# USAF concerned that the Army is poaching again



## Kirkhill (3 Apr 2021)

As the Army gets back into Long Range / Intermediate Range / Medium Range missiles again the USAF is starting to get shirty.  Problems of Strategic Air Command, Redstone Arsenal and Bombers vs Missiles all over again.  But now USAF is also bracketed by the US Space Force.









						Joint World Warms Up To Army Long-Range Missiles - Breaking Defense
					

The head of INDOPACOM, Adm. Davidson, and the vice chairman of the Joint Chiefs, Air Force Gen. Hyten, seem receptive to a new Army role in long-range strike.




					breakingdefense.com
				












						Army’s Long-Range Strike Vision is ‘Stupid,’ AFGSC Chief Says | Air & Space Forces Magazine
					

The Army’s plan to take over some of the long-range strike mission is “stupid” and a waste of resources, said the head of Air Force Global Strike Command.




					www.airforcemag.com
				












						US Army’s Plan Needlessly Duplicates Air Force Strike Capabilities
					

The service would do better to follow the Marines’ path toward specialization.




					www.defenseone.com
				




The arguments of the third article need to be considered carefully.

It states that the  Air Force can respond more speedily, and cheaper to a surface threat than a missile.

But it seems to presuppose that a Zero Cost B2 magically appears over the battlefield and loiters indefinitely.  Thus only the cost of the $25,000 munition is considered vice the cost of a missile launcher and missile.


----------



## Kirkhill (7 Apr 2021)

Got to considering that magical, loitering B2, with the help of Wikipedia....

There are 20x B2s.  They were introduced into service in 1997 - 24 years ago.
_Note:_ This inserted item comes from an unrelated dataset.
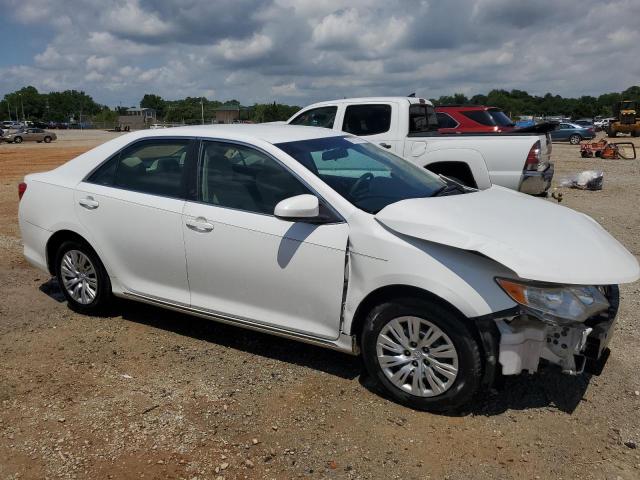 4T1BF1FK3CU600428 - 2012 TOYOTA CAMRY BASE WHITE photo 4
> The total program cost projected through 2004 was US$44.75 billion in 1997 dollars. This includes development, procurement, facilities, construction, and spare parts. The total program cost averaged US$2.13 billion per aircraft.[4]



In 2021 dollars the projected cost per aircraft to 2004 would be $3.67 BUSD per aircraft. 

Lets assume that the capital cost is written down by 2004 and that for the last 17 years the USAF has been flying a Zero Cost aircraft.

The cost of flying a single aircraft for an hour was estimated at



> up to $135,000 per flight hour to operate in 2010



A single 24 hour sortie from CONUS to Target would cost $3,240,000 at that 2010 rate, or $3,909,060 in 2021 dollars.

That rate is exclusive of actual operational costs (weapons and support supplied under separate operational budget).

In addition,  with only 20 aircraft, and aging, a significant number of hours will be required between flights for maintenance and more hours between campaigns for reset.

It would surprise me if the B2 fleet could sustain a 24/7 CAP of 2 aircraft for more than an month or two.

The USAF could also argue that it can sustain a CAP with fighters but one of the arguments against the Army's LRPFs was that they need friendly ground in close proximity to the enemy.  So do the USAF's fighters.   So they are a wash.


For reference and comparison lets assume, in 2021, a single B2 has a sunk cost of 3.67 BUSD and an operating cost of 3.909 MUSD per sortie.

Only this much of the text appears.